§ **Task to carry out**: Pictures do not belong in the copy, so please give every entry below again exactly.

§ **Supplied entries**:
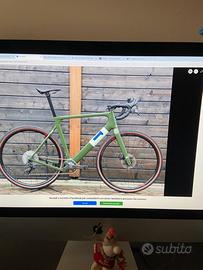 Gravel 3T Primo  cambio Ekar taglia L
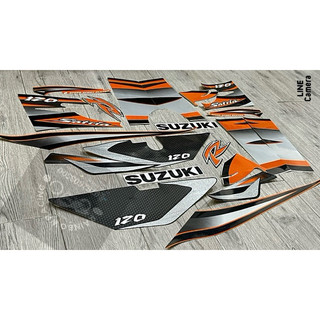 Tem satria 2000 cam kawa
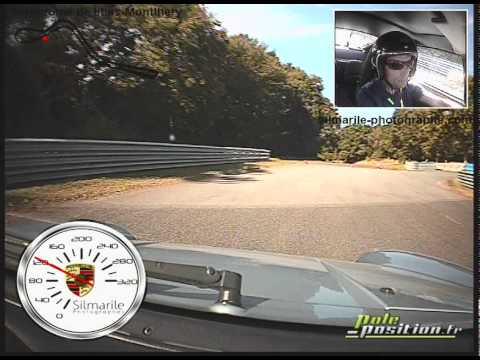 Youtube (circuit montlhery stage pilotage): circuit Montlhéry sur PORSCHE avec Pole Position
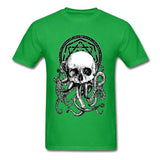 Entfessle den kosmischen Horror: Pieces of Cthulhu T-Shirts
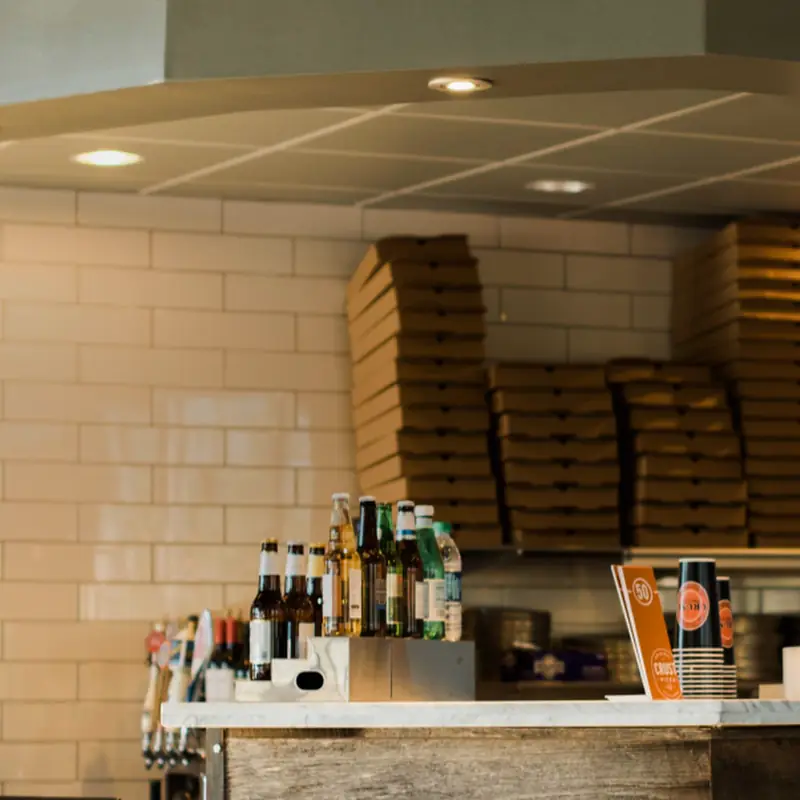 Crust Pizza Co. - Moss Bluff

§ **Written reply**:
 Gravel 3T Primo  cambio Ekar taglia L
 Tem satria 2000 cam kawa
 Youtube (circuit montlhery stage pilotage): circuit Montlhéry sur PORSCHE avec Pole Position
 Entfessle den kosmischen Horror: Pieces of Cthulhu T-Shirts
 Crust Pizza Co. - Moss Bluff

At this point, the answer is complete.